Input for this task
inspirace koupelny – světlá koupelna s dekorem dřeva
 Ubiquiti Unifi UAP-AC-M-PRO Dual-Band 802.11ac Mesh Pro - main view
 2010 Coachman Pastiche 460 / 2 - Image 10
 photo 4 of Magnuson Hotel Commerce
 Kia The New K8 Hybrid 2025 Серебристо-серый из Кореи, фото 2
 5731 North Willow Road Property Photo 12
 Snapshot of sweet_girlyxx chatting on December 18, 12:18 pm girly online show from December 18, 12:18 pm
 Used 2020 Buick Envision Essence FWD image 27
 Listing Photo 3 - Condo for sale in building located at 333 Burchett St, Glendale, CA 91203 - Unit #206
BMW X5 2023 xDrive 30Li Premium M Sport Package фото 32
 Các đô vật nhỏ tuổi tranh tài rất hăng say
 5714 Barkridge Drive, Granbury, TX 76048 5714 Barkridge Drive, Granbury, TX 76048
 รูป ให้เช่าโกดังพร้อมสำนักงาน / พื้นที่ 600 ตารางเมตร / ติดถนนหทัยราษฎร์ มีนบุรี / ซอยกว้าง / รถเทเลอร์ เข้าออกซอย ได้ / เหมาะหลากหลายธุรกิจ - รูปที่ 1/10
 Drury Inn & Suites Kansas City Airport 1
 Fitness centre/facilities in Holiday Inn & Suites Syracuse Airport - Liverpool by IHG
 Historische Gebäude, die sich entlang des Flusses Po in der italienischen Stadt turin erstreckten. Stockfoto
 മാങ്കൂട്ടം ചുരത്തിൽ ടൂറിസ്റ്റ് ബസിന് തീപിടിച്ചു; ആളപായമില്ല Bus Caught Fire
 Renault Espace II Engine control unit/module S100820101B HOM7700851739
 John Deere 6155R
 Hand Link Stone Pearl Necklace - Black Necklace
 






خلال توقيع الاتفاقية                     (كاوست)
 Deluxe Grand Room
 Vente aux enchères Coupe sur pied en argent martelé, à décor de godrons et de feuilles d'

Work order
Copy out, from the listing above, every line that contains the word "Airport".

Task response
 Drury Inn & Suites Kansas City Airport 1
 Fitness centre/facilities in Holiday Inn & Suites Syracuse Airport - Liverpool by IHG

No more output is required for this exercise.